I wonder what a visiting alien could deduce from our insatiable materialism about the mother/infant bond in Western culture.
Mater-ialism.
And its not just about obscene levels of consumption or rampant trashing of our own playpens, but our attitude to our bodies, to growing old and dying.
Different cultures experience death in different ways. Ours is so riddled with anxiety and horror that we spend much of our lives engaged in projects whose prime objective is not to think about it.
What?
See….
What is suppressed in a culture slides into the Unconscious. It doesn’t go away. And when what is suppressed is Half of Heaven then we will all be busting at the seams with Whatever it is thats slipped out of sight.
Because,
‘The lost Goddess represents the psyche of each one of us.’ Freke and Gandy
Having Wisdom/Sophia entirely written out of our religion has not been some mere historical event.
Bowlby
When the divine feminine is collectively repressed two main things happen. Firstly, we lose access to a crucial point of reference that enables us to make informed decisions. The story of Solomon’s Wisdom was, in its original form, about his relationship with Wisdom/Sophia before the church fathers dumbed it down.
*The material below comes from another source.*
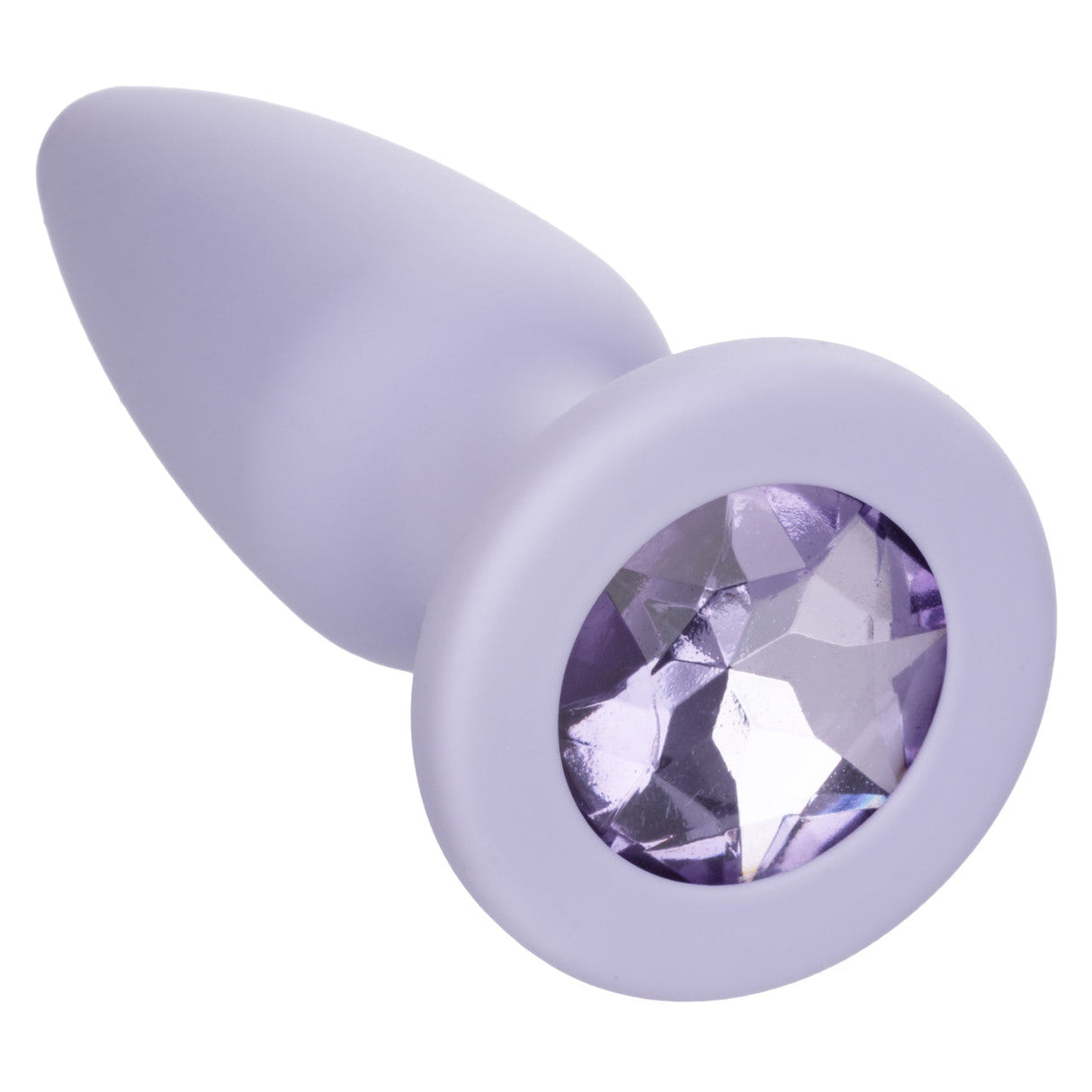 First Time Crystal Booty Kit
She makes decisions on the basis of relatedness, the genius of which is the story of deciding to cut the disputed baby in half knowing the true mother would reveal herself through her love. The collective loss of such intelligent compassion is a disaster superseded only by the second thing, the Goddess as Psyche,
’falls into identification with the body.’ (Freke and Gandy)
In other words, Sophia/Wisdom becomes locked up in matter from where she exerts a fascination over us. And instead of She who is more valuable than silver and pearls you have Silver and Pearls.
so its not as benign as you might hope.
When Wisdom/Sophia is sunk in the unconsciousness She,
‘ responds with violent emotions, irritability, lack of control coupled with lack of self-criticism and delusions. [Man] becomes ruthless, arrogant and tyrannical’. CG Jung
Loss of the Goddess has done more than reduce the ‘developed’ world to spiritual subsistence. It must be asked whether our rampant greed is more than it seems. And its about far more than mere loss or deprivation.
”Maternal failures produce reactions which interrupt going-on-being and (constitute) a threat of annihilation, the infant does not really come into existence, the true self does not become a living reality.”D Winnicott.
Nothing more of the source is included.